The purpose of this paper is to explore the concept of “common sense” and to distinguish it from uncommon sense as it applies to managerial decision‐making under conditions of task uncertainty. The paper enunciates the definition of common sense decision‐making and develops the concept of “uncommon” sense making. A typology of common sense is put forth, and a case study is used to illustrate it in practice.
This is a conceptually developmental paper, which explores and develops the concept of uncommon sense through literature review and typology development. A mechanistic, or internally driven, decision approach is compared with an organic, externally driven one, and the question of how common sense is related to these approaches in varying task uncertainty conditions is explored. A short case study is used as an illustration of the practical managerial implications under low task certainty conditions.
The concepts of MCS (common sense) and MUS (uncommon sense) are established, as well as O and M errors. It is suggested that within a mechanistic approach MCS is most appropriate in conditions of high task certainty. Within an organic approach MUS is most appropriate in conditions of low task certainty. An O error occurs when a mechanistic approach is taken, using common sense, under low task certainty.

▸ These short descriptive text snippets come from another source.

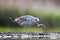 Pontische Meeuw; Caspian Gull; Larus cachinnans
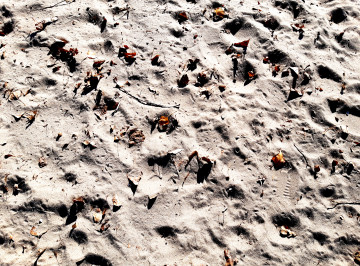природа, песок, поверхность, сухие листья, пляж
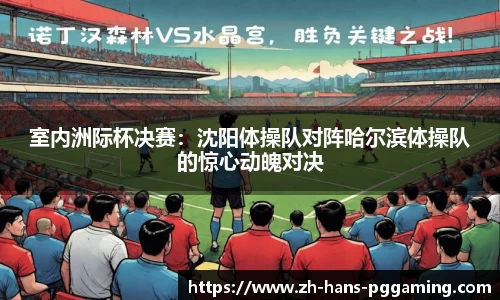 室内洲际杯决赛:沈阳体操队对阵哈尔滨体操队的惊心动魄对决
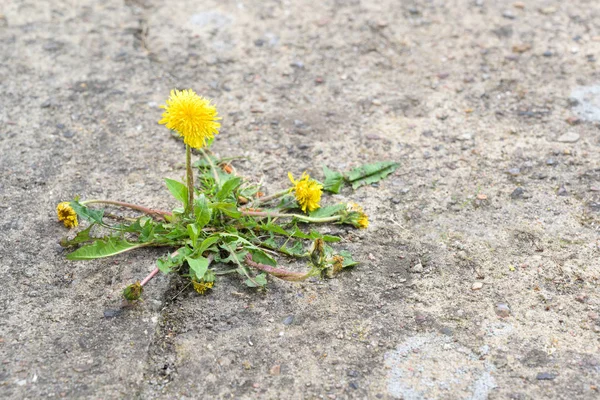 Single λουλούδι πικραλίδα σπάει το δρόμο του μέσα από το σκυρόδεμα, αντίγραφο χώρου — Φωτογραφία Αρχείου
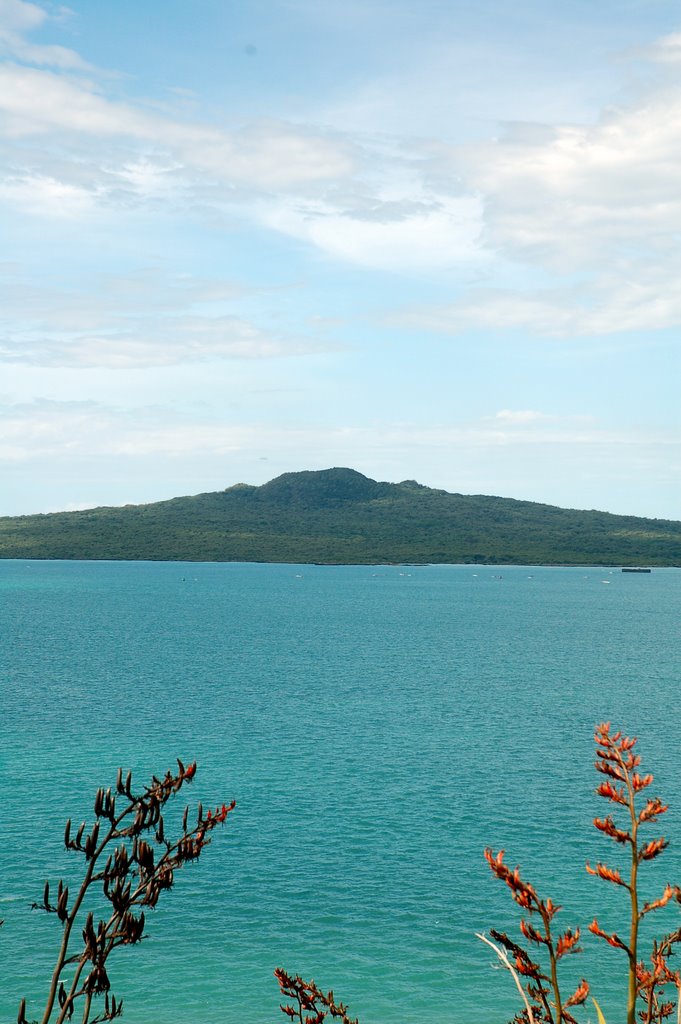 Rangitoto from North Head by numbly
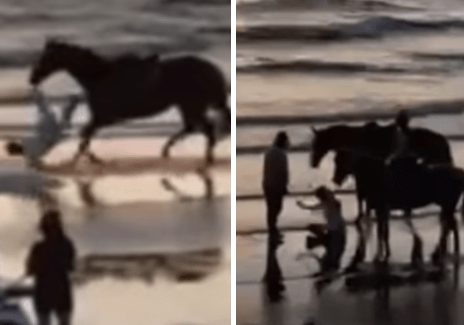Belen Rodriguez cade da cavallo, paura con Pongo ma nessuna conseguenza Belen Rodriguez cade da cavallo, paura con Pongo ma nessuna conseguenza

Lack of appropriate resources deems such an approach unsuitable. An M error occurs when a more risky organic approach (MUS) is taken when resources exist to make a common sense decision.

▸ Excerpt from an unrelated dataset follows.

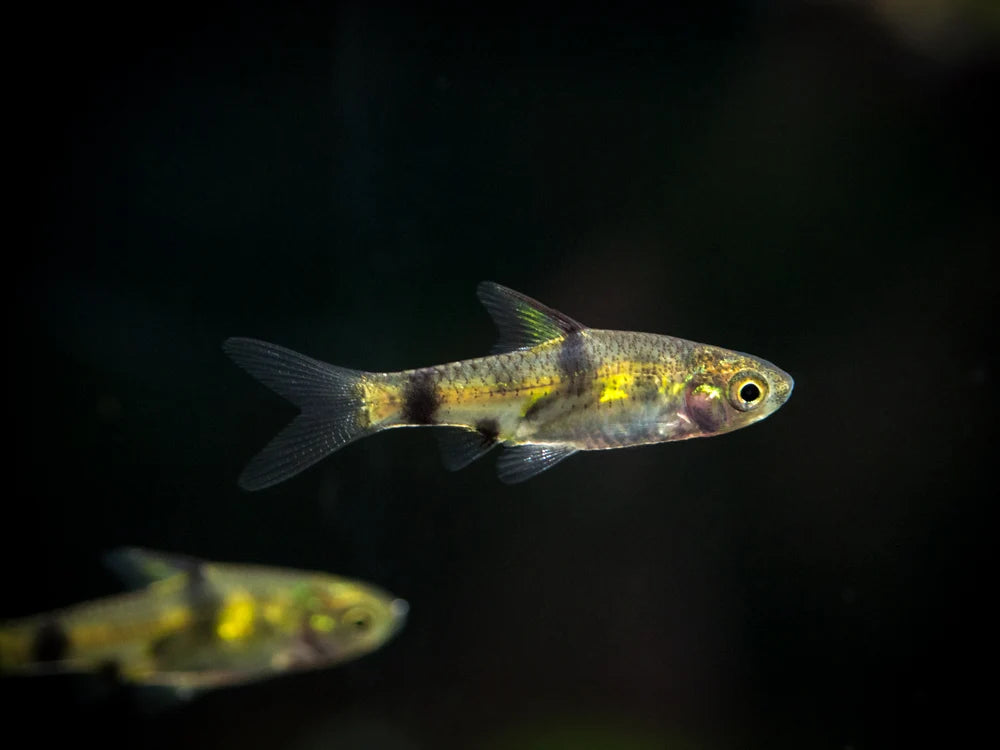 Dwarf Golden Barb
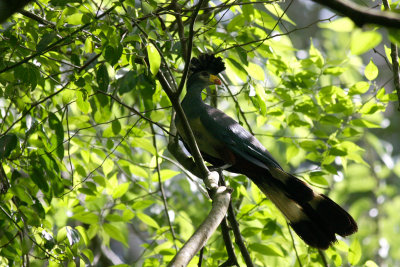 Great Blue Turaco (Corythaeola cristata)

Increasing globalization, work ambiguity, and task complexity, introduce a need for greater managerial adaptability and speed. MUS may therefore play an increasingly greater role in organizational decision‐making as managers seek answers to questions generated by new and unique situations where existing decision rules may not apply.

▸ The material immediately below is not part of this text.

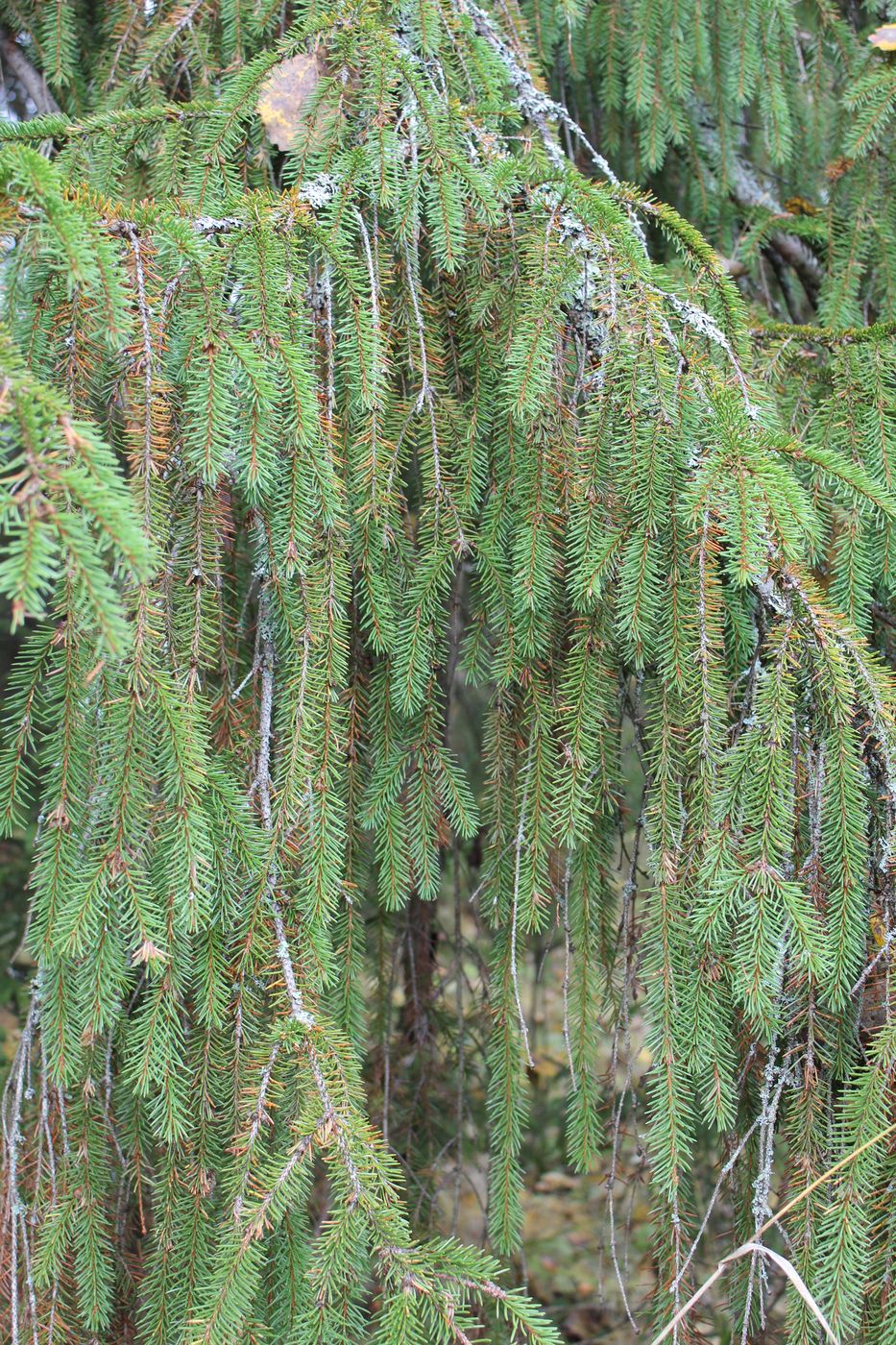 Image of Picea abies specimen.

The theoretical framework offered in this paper looks at the increasingly common situations in which “thinking outside the box” is essential for sound decision making. It suggests a taxonomy that allows for exploration as well as application of “uncommon sense”‐based theory in situations that require such innovative thinking. It takes a significant step in the theoretical and practical understanding of the very relevant issues of inspiration, adventure and creativity in managerial decision making today.